A missed past
My student card arrived this morning. Posted second class in Lincoln, England on Tuesday, 12th October it arrived in a week, which is a speedy delivery in present times, even more so when the second class frank meant that the sender had paid less than half of the cost of sending a letter to Ireland.
There was simply an envelope with my address handwritten and inside it the credit card sized piece of plastic bearing a picture of me that was taken for my driving licence four years ago. It was the only picture I had that did not have me wearing glasses. The requirement to have an uncovered face seemed odd, my passport photograph had me wearing glasses and it was accepted by the passport office. Perhaps students are more likely to attempt to use the identification card of a fellow student than someone aged sixty-one.
I am not sure why I needed a student card. It doesn’t seem likely that I shall ever visit the university campus. The online login details provided by the university are much more useful, they provide access to libraries around the world and to a platform called Browzine which has innumerable journals, some of which provide reading that is entirely tangential to my research field.
The student card lasts three years, I shall require another one before my five years of study is over. But even the three year term will take me to the age of sixty-four, that milestone celebrated in the lyrics of The Beatles.
The last time I had a three year student card was when I started at the London School of Economics in 1979. Receiving the card when I registered during the Freshers’ Week that year, I remember thinking that three years seemed such a long time. The laminated card bore no bar code, no photograph, all that was personal was my signature on the reverse. Anyone could have used it.

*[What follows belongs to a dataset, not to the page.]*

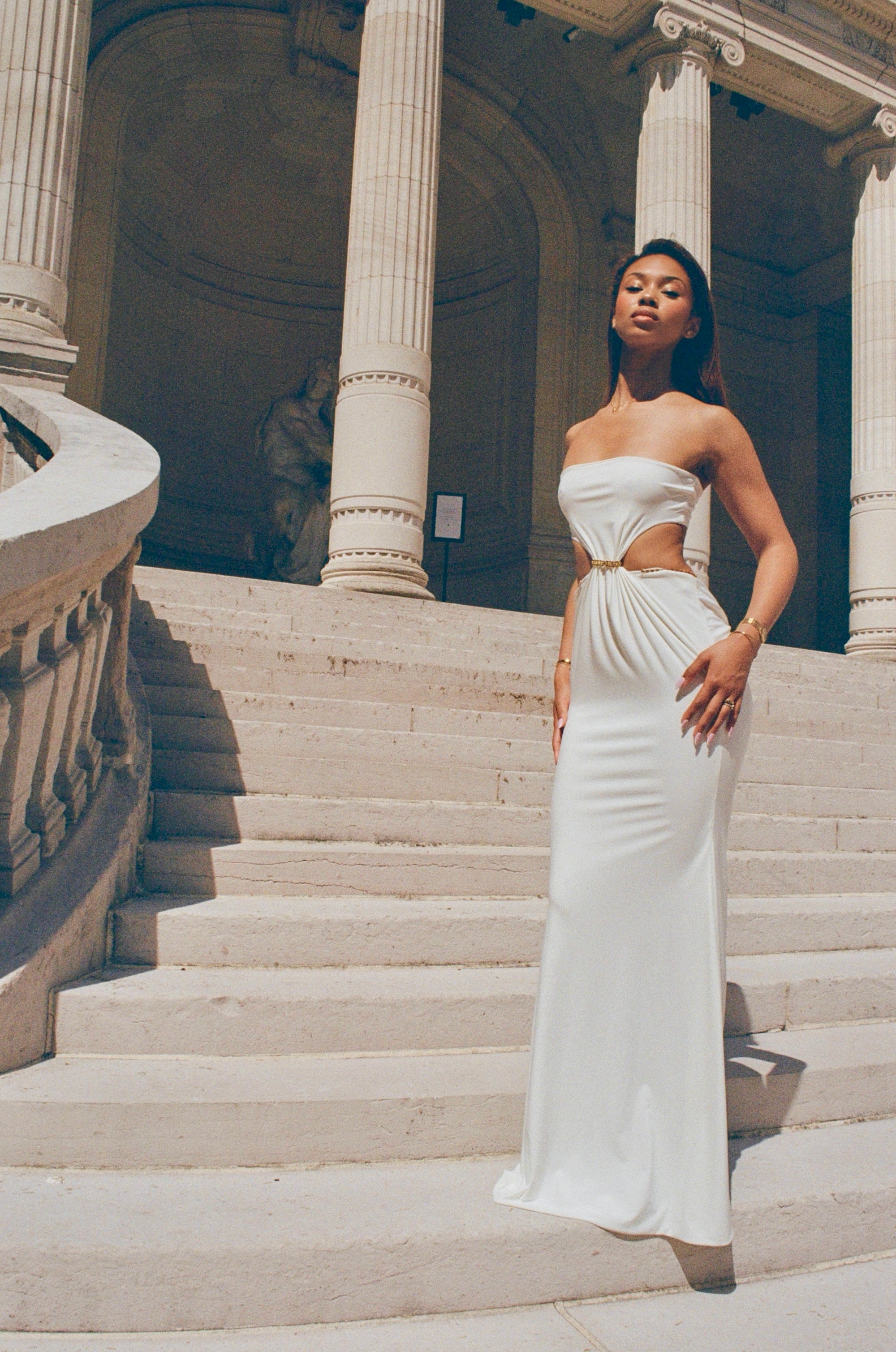 SAINT GOWN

Depression was to mean that the three years were to become four, and that I would have to receive a second card, which theoretically did not expire until 1985
Listening to Kate Bush on RTÉ radio, I picked up today’s card. I wondered how many different ways life might have possibly unfolded since that first student card and the days of Kate Bush in the charts.
Perhaps there is a multiverse where the first LSE card was sufficient to cover my time at its Houghton Street campus, where I reached the age of sixty-one in a different way.